Records to use Start Marker

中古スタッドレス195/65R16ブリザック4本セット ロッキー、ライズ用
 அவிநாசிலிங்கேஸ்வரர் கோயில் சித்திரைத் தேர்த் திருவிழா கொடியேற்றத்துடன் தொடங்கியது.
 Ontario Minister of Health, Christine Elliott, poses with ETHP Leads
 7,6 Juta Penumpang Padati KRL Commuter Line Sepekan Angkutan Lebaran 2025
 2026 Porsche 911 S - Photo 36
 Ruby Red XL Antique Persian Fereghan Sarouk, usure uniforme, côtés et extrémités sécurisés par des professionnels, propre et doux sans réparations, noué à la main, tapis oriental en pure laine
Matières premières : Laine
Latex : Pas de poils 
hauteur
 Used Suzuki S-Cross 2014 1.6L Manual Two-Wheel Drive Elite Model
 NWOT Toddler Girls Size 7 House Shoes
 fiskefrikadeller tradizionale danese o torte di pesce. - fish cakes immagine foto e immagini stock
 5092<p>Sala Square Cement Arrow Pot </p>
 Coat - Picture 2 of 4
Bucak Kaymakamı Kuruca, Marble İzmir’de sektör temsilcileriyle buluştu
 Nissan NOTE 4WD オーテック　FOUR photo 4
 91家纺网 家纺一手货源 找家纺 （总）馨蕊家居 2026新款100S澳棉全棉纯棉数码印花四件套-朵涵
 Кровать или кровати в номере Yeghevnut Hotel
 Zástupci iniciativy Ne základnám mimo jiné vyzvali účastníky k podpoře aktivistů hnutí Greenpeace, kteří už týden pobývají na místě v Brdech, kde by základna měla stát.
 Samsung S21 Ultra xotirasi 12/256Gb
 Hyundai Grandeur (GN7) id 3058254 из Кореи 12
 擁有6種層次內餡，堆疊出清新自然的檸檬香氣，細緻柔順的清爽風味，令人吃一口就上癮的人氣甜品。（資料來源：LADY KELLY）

Records to use End Marker

Please transcribe each entry exactly, keeping every word as it is.

• _Response area_:
中古スタッドレス195/65R16ブリザック4本セット ロッキー、ライズ用
 அவிநாசிலிங்கேஸ்வரர் கோயில் சித்திரைத் தேர்த் திருவிழா கொடியேற்றத்துடன் தொடங்கியது.
 Ontario Minister of Health, Christine Elliott, poses with ETHP Leads
 7,6 Juta Penumpang Padati KRL Commuter Line Sepekan Angkutan Lebaran 2025
 2026 Porsche 911 S - Photo 36
 Ruby Red XL Antique Persian Fereghan Sarouk, usure uniforme, côtés et extrémités sécurisés par des professionnels, propre et doux sans réparations, noué à la main, tapis oriental en pure laine
Matières premières : Laine
Latex : Pas de poils 
hauteur
 Used Suzuki S-Cross 2014 1.6L Manual Two-Wheel Drive Elite Model
 NWOT Toddler Girls Size 7 House Shoes
 fiskefrikadeller tradizionale danese o torte di pesce. - fish cakes immagine foto e immagini stock
 5092<p>Sala Square Cement Arrow Pot </p>
 Coat - Picture 2 of 4
Bucak Kaymakamı Kuruca, Marble İzmir’de sektör temsilcileriyle buluştu
 Nissan NOTE 4WD オーテック　FOUR photo 4
 91家纺网 家纺一手货源 找家纺 （总）馨蕊家居 2026新款100S澳棉全棉纯棉数码印花四件套-朵涵
 Кровать или кровати в номере Yeghevnut Hotel
 Zástupci iniciativy Ne základnám mimo jiné vyzvali účastníky k podpoře aktivistů hnutí Greenpeace, kteří už týden pobývají na místě v Brdech, kde by základna měla stát.
 Samsung S21 Ultra xotirasi 12/256Gb
 Hyundai Grandeur (GN7) id 3058254 из Кореи 12
 擁有6種層次內餡，堆疊出清新自然的檸檬香氣，細緻柔順的清爽風味，令人吃一口就上癮的人氣甜品。（資料來源：LADY KELLY）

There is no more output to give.